Tuesday, May 19, 2009

Baby Face (1933)


Baby Face is probably the most sexually explicit film that I've seen when exploring older film. It features a lot of scenes that obviously lead to sex in addition to a lot of suggestion as to sexual activity. It's kinda crazy, and if I were a 40 year old woman in the 1930's, this movie would certainly make me cover my mouth in shock and horror.

Also, I should note that this entry is based on the uncut version of the film. There is a butchered censored version out there, but I have not seen it. Both are available in the Forbidden Hollywood collection from TCM.

Barbara Stanwyck plays Lily Powers, a waitress in her father's speakeasy. When she's not serving rowdy men, her father is pimping her out to city officials so that they will allow him to keep his illegal hooch house running. This changes one night when her father's still explodes, killing him. Encouraged by a Nietzsche-reading friend to use her sexuality to use men as opposed to allowing them to use her, she sets off to the city to make her living.

What follows is basically a string of sexual conquests within a corporation. She starts on one man, only to dump him when she meets his superior. This results in the ruining of a few lives, but Lily doesn't care, she's in it for the money, like any good whore should.

This changes when she meets Courtland Trenholm (Played by Bette Davis' leading man George Brent), the son of the owner of the business. He instantly takes a liking to her and they begin a relationship. However, is Lily using him for his money? Or has her steel-exterior cracked to allow her to feel love for a man?

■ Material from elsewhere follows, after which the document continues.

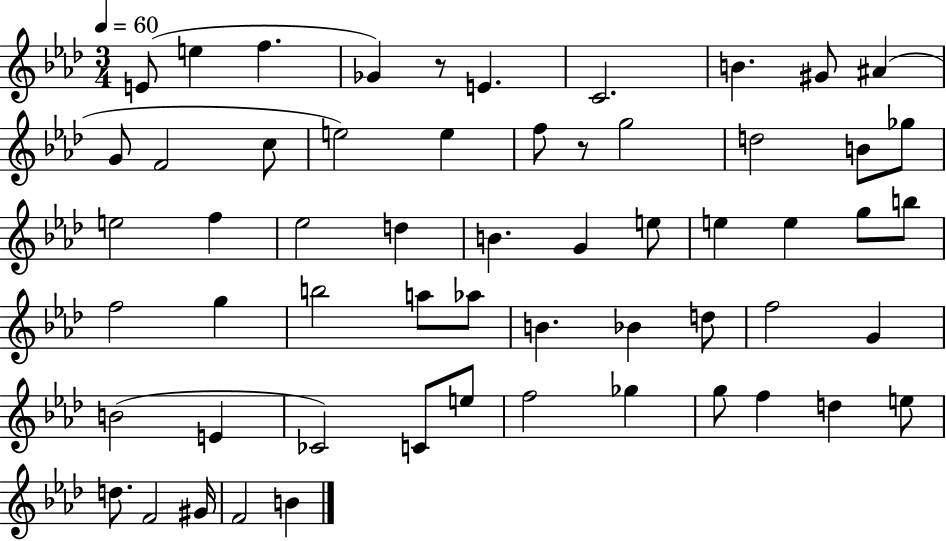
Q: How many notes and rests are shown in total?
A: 58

This leads to the main flaw of the film, it's ending (which was added due to censor intervention). We have a general idea of Lily's goals and her personality, but the ending kind of throws that out to give us a happy ending that doesn't ring true to the tone of the rest of the film. People have died because of Lily and she didn't bat an eyelash, so for some of the events to occur that occur in the end just feels forced.

But the film should be watched alone for Barbara Stanwyck's performance. As demonstrated in Double Indemnity, she can play a great cold-hearted b*tch, and she plays Lily as a woman with laser focused intensity upon setting herself on easy street.

George Brent is charming, but as someone who has seen him in countless Bette Davis movies, he isn't the best actor in the world, and he has an awkwardness about him whenever he is on screen.

Really, this film deserved to be seen for the wonderful central performance from Barbara Stanwyck as well as its place as being one of the most controversial films of its day, plus it's a pretty good movie to boot.